With a new Republican majority in the US House vowing to repeal Obamacare, US Senator Max Baucus is defending the bill he in large part authored.
Baucus maintains — even the better part of a year later — that voters hostile in large numbers toward the measure will warm to it as the lengthy list of provisions take effect. The bulk of the bill will last, he predicts.
The Republicans who seized control of the House in part by promising a repeal of health care overhaul won’t be able to deliver on that promise because of the huge majority needed in the Senate to break parliamentary stalemates, Baucus said.
“That does not mean it shouldn’t be changed, because it should be changed,” Baucus said. “We are going to listen to the American people.”

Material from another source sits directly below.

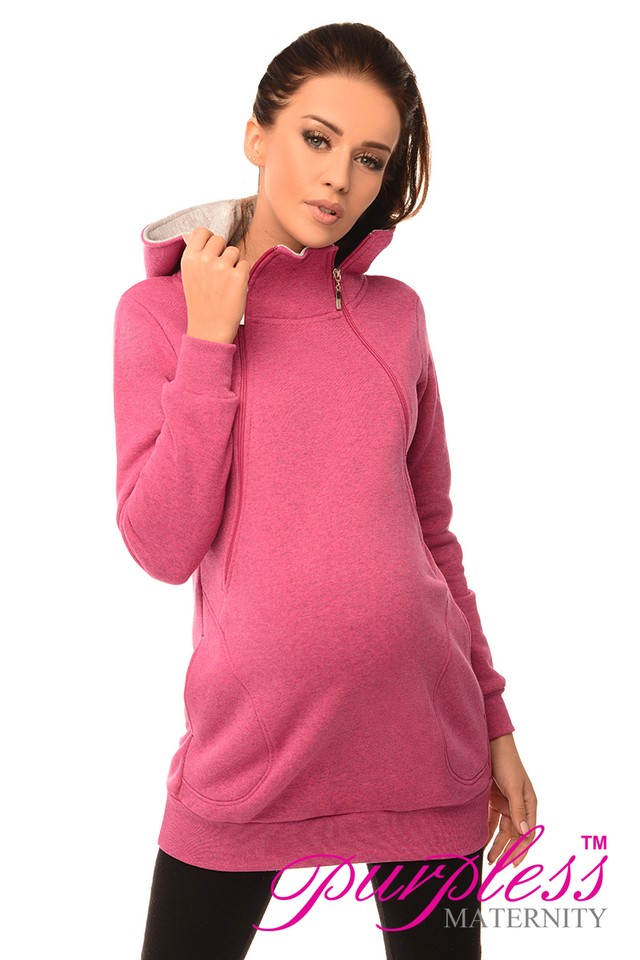 Power Pink Maternity and Nursing Hoodie Sweatshirt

Baucus obviously has a full plate in front of him as Chairman of the Finance Committee- from fixing (or blocking repeal of) the health care bill to dealing with the impending tax hikes at the end of the year. So far, he is supporting a tax hike for the upper tax bracket, while his counterpart in the US House, Rep. Denny Rehberg (R-MT), is opposing all tax hikes.
As for changes that need to be made to the health care bill, first up: removing the 1099 provision.

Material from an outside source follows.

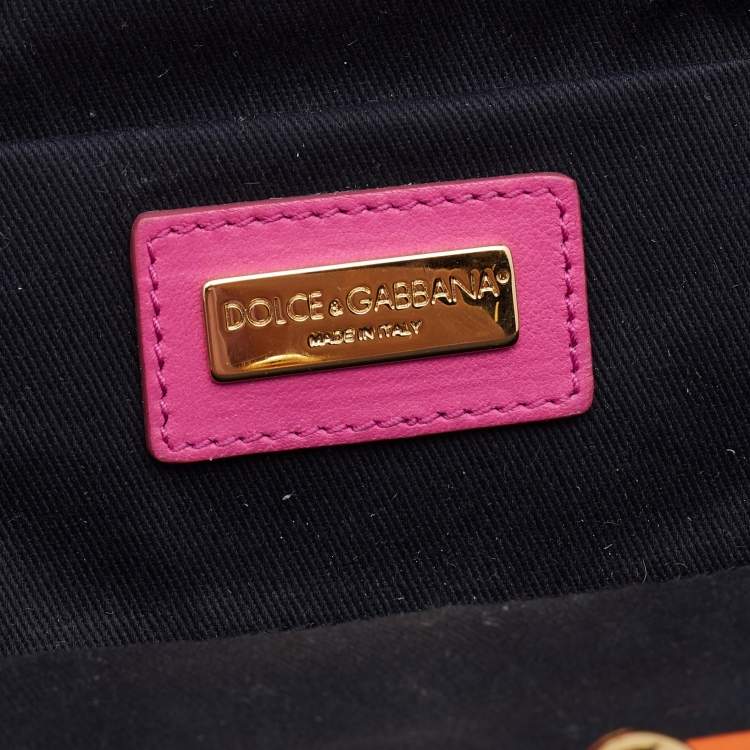 Pre Owned Dolce & Gabbana Multicolor Pony Hair And Sequin Lock Frame Chain Clutch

The obituary is being written early for one aspect of the sweeping health care reform measure passed into law earlier this year—a provision that requires businesses to file 1099 tax forms on transactions of more than $600.
On Friday, Senator Max Baucus—the Montana Democrat who is chairman of the Senate Finance Committee—signaled his desire to see that one aspect of the law die. “I have heard small businesses loud and clear and I am responding to their concerns,” Baucus said in a statement in which he said he’d introduced legislation to repeal the 1099 requirement.